A peanut butter sandwich stuck to the roof of your mouth. A bowl of cereal rendered useless. A mouthful of chocolate cake with nothing to wash it down. Milk had always been marketed for what it was—wholesome, nutritious, good for kids. No one had ever tried marketing milk by taking it away. It was one of the most famous advertising campaigns in history, and it was built on a principle that every behavioral psychologist knows: people hate losing something more than they enjoy gaining it.

Now, imagine asking artificial intelligence to come up with the same campaign.

I did.

I prompted several GenAI tools to generate a disruptive ad campaign for milk. I asked for ideas that would make people rethink milk, that would shake up the industry, that would capture attention like "Got Milk?" did.

The results were exactly what you’d expect.

Every single response was about the product itself.

Milk is a superfood. Milk is nostalgic. Milk is essential for athletes. Some of the ideas were well-structured, others were even clever. But all of them were derivative. Not a single one attempted to make people think about the absence of milk.

That’s because AI is designed to reinforce patterns, not break them. It doesn’t ask unexpected questions. It doesn’t flip ideas upside down. It doesn’t challenge conventions—it optimizes within them. AI doesn’t create. It calculates. And that’s why it never would have come up with "Got Milk?"

There’s a famous experiment in behavioral economics that explains why the campaign worked so well. Daniel Kahneman and Amos Tversky discovered something called loss aversion—the idea that people feel the pain of losing something far more intensely than they feel the pleasure of gaining it. Imagine you’re given $100. You’d be happy. But now imagine you had $100 and someone took it away. That feeling would be twice as strong. The pain of loss is wired deep in our psychology.

Goodby, Silverstein & Partners didn’t just sell milk. They made you feel its absence.

The reason artificial intelligence can’t replicate this kind of thinking is because it doesn’t understand human psychology. It processes language, images, and patterns, but it doesn’t experience regret, frustration, or craving.

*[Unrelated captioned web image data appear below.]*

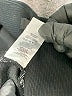 Ann Taylor Solid Black Active Pants Size 6 - photo 8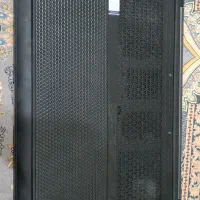 لب تاب Hp مدل ZBOOK G3 STUDIO|رایانه همراه|نورآباد ممسنی, |دیوار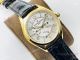 TW V2 Vacheron Constantin Fiftysix (day-date) 4400e watch Yellow Gold 40mm (2)_th.jpg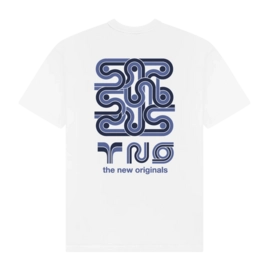 2---supergraphic-mysterioso-back_20Blauw-_no-bg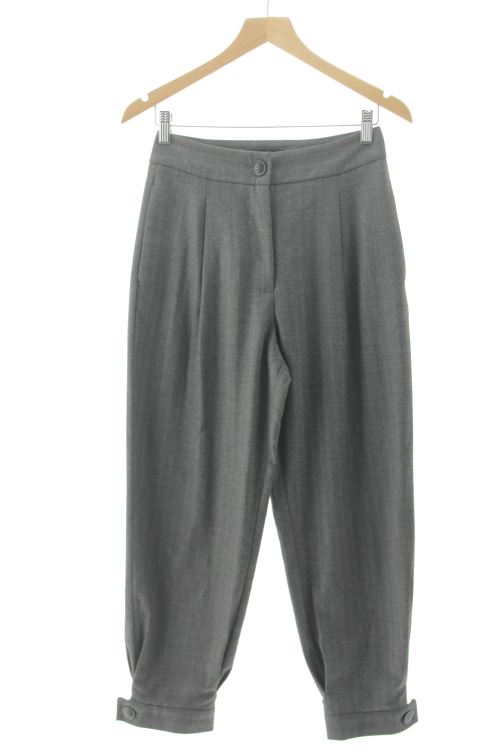 Pantalon Casual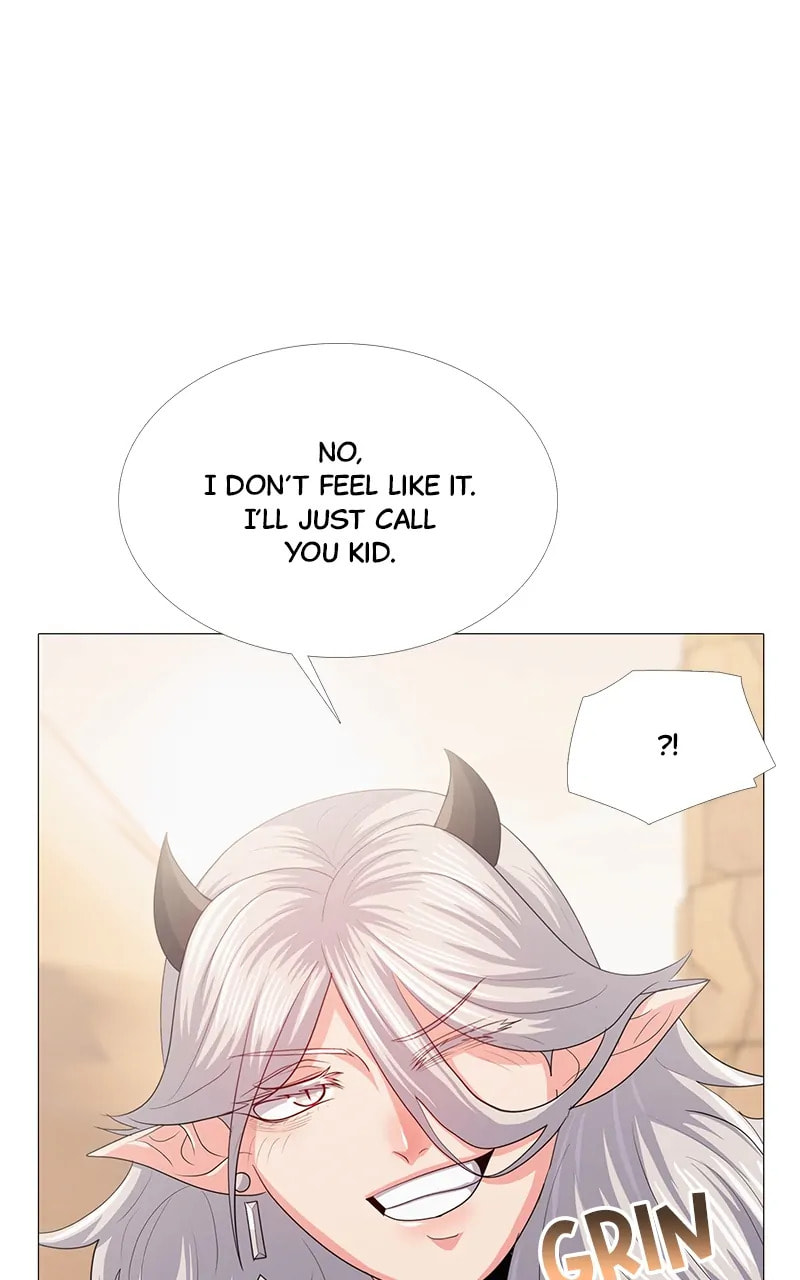 Read Real World Mobile chapter 52 image 67 on Lezhin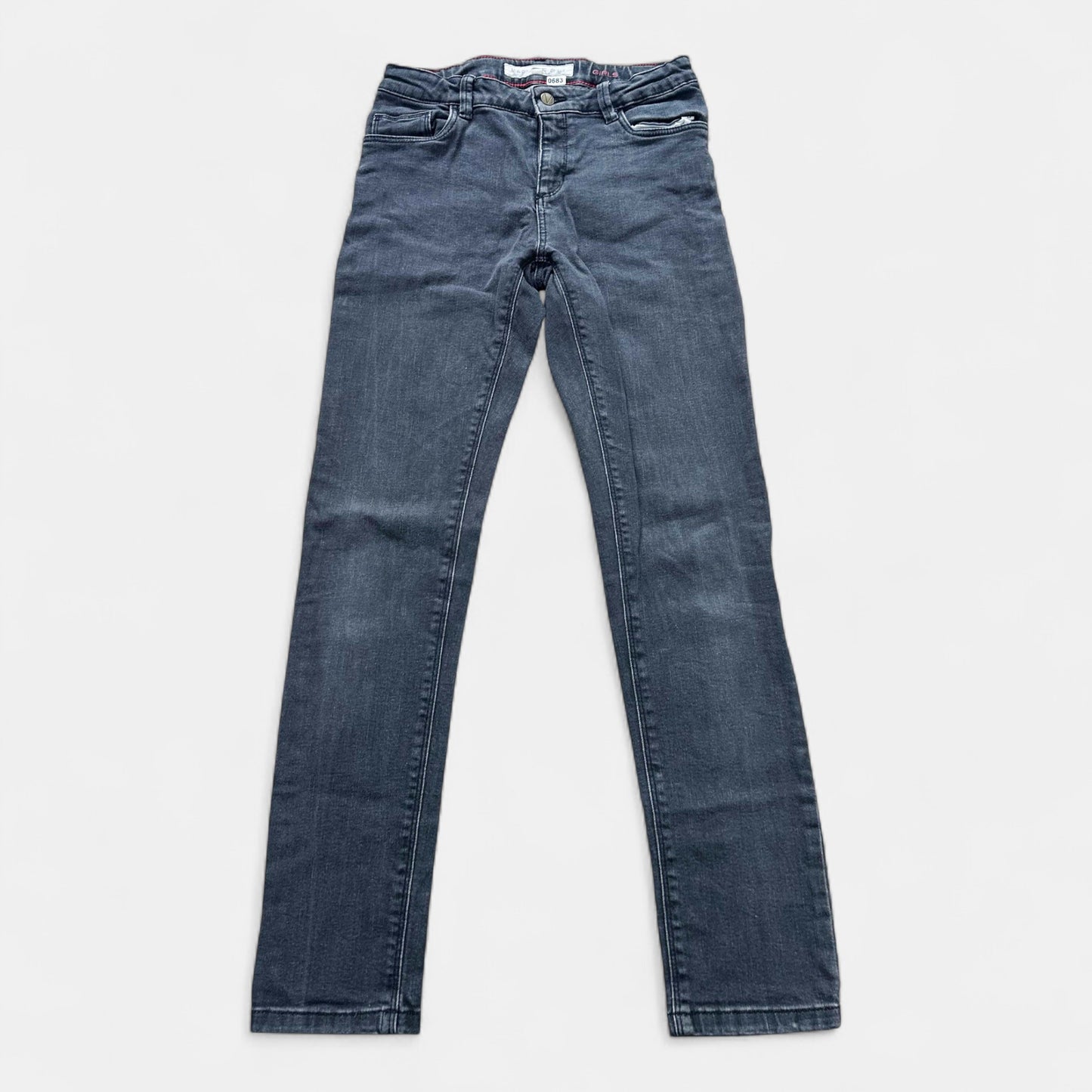 Pantalon Monoprix Kids : 14 ans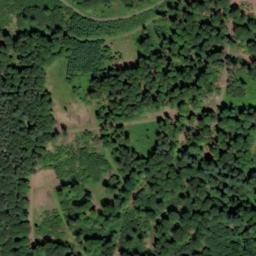 Satellite imagery of Rollberg, DE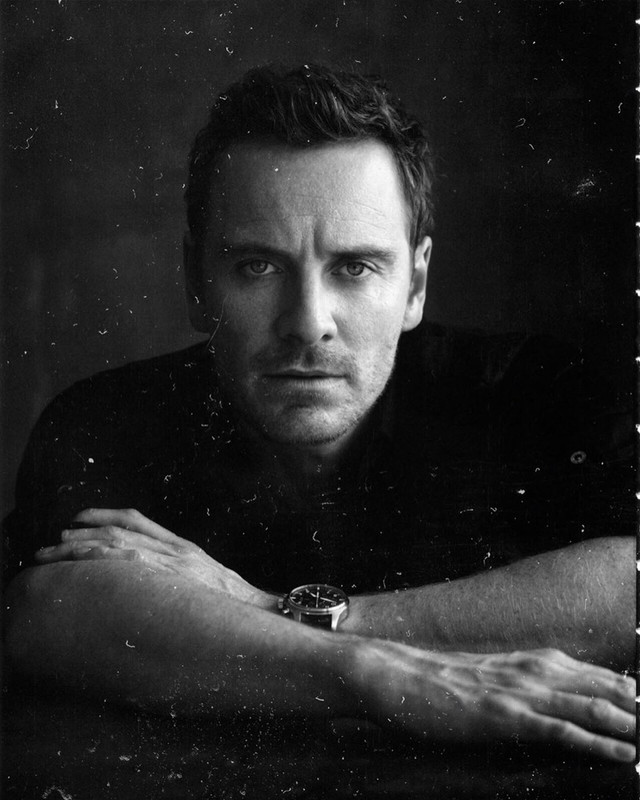 58410946_2382225031799468_2873160505444104557_n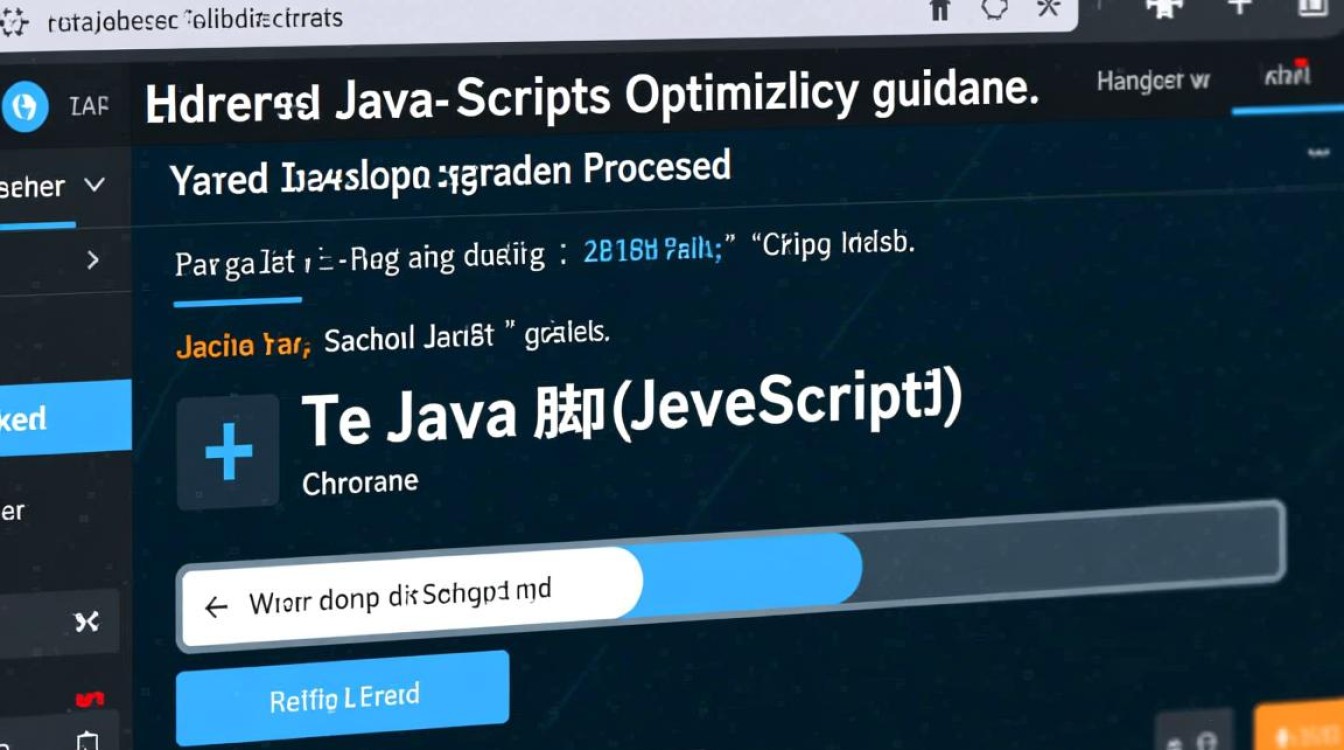 如何高效修改网页加载中的Java代码以优化性能？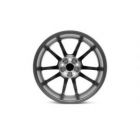 Felga Racingline Cup Edition 18x8.5 ET45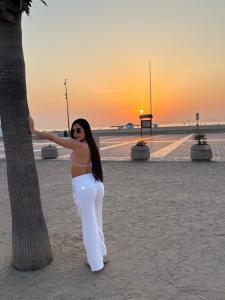 Chica busca chico en Cádiz: 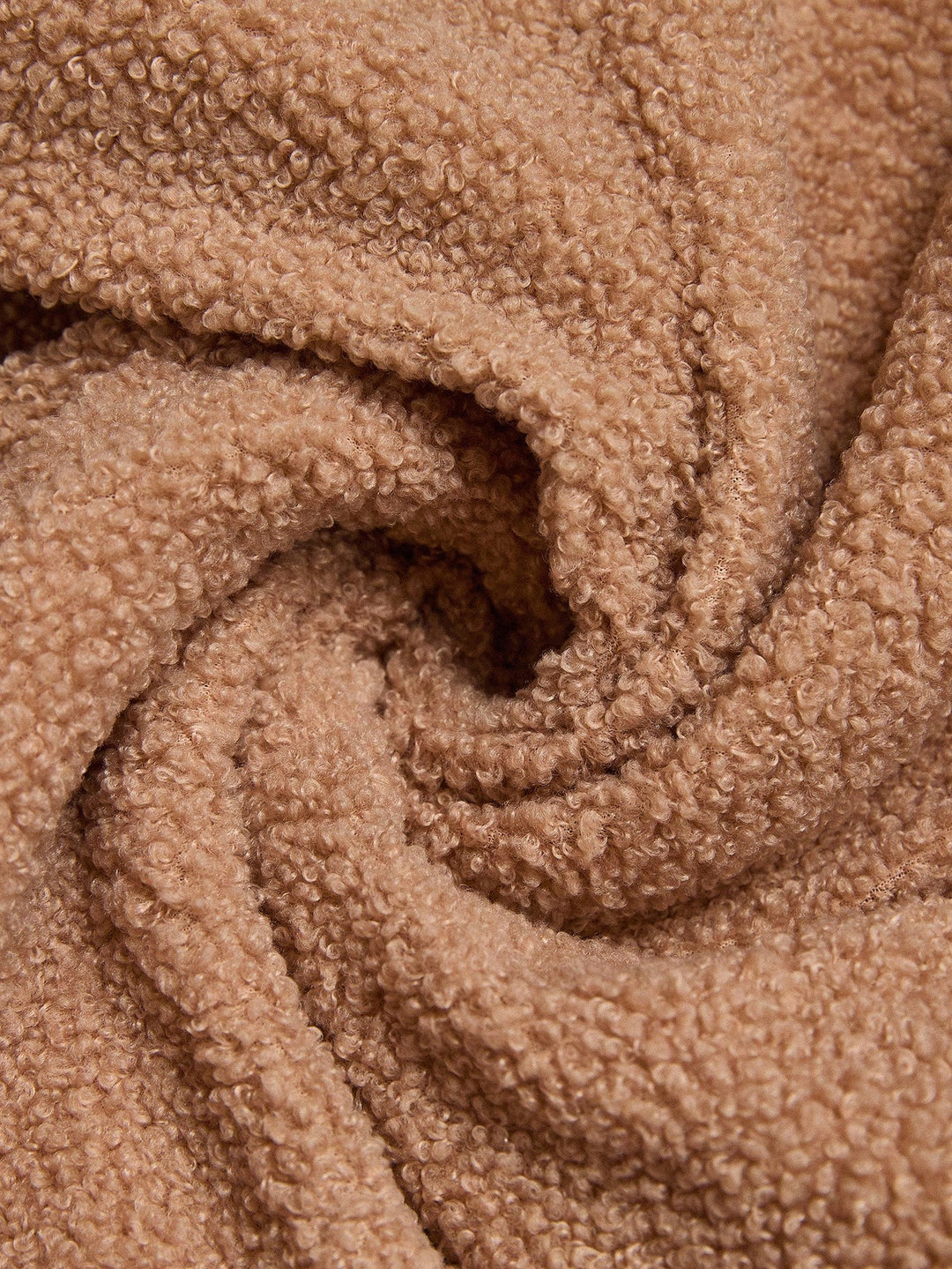 Palton SHEIN, negru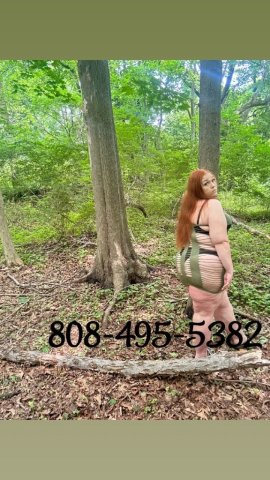 Should I Visit 💦Wet Tight Grip💦 Cum play and Get OFF😈 Ginger VixXen🚨 Here for a Short Time✅ All Real Pics📸 - 28 - 1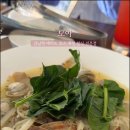 가미한식 이미지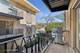 6852 N Northwest Unit 2A, Chicago, IL 60631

AI doesn’t know what it feels like to pour a bowl of cereal and open the fridge, only to realize you’re out of milk. And so it wouldn’t think to design a campaign around that feeling.

There’s a widely held belief that as AI continues to improve, it will eventually surpass human creativity. Machines will write novels, compose symphonies, and design ad campaigns that are indistinguishable from human work—or even better. But that belief assumes that creativity is simply a matter of processing more data, more efficiently.

It’s not.

Creativity isn’t about optimizing patterns. It’s about breaking them. It’s about asking questions no one else is asking. It’s about seeing something that isn’t there, instead of just rearranging what already exists. It’s about contradiction, inversion, and—perhaps most crucially—understanding the emotional and psychological triggers that shape human behavior.

AI can generate a thousand variations of a good idea.

But it cannot tell you why one of them will resonate with the human soul.

None of this is to say that AI is useless in creative work. Quite the opposite. GenAI is incredible at iteration, enhancement, and execution. It can generate thousands of taglines in seconds, create mood boards, suggest alternative phrasing, and help refine concepts. But the core idea—the truly original thought that flips expectations—still has to come from a human.

The next "Got Milk?" will not come from a neural network.

It will come from a creative mind that understands what AI cannot: That the best way to sell something is sometimes to take it away. That people don’t respond to logic alone, but to deep, instinctual emotions. That breaking a pattern is always riskier—but always more memorable.

And that is why, for all its power, GenAI will remain a tool in creative work, not a replacement for human creativity.

Because in the end, creativity is about seeing what isn’t there.

And AI?

AI is only capable of seeing what already exists.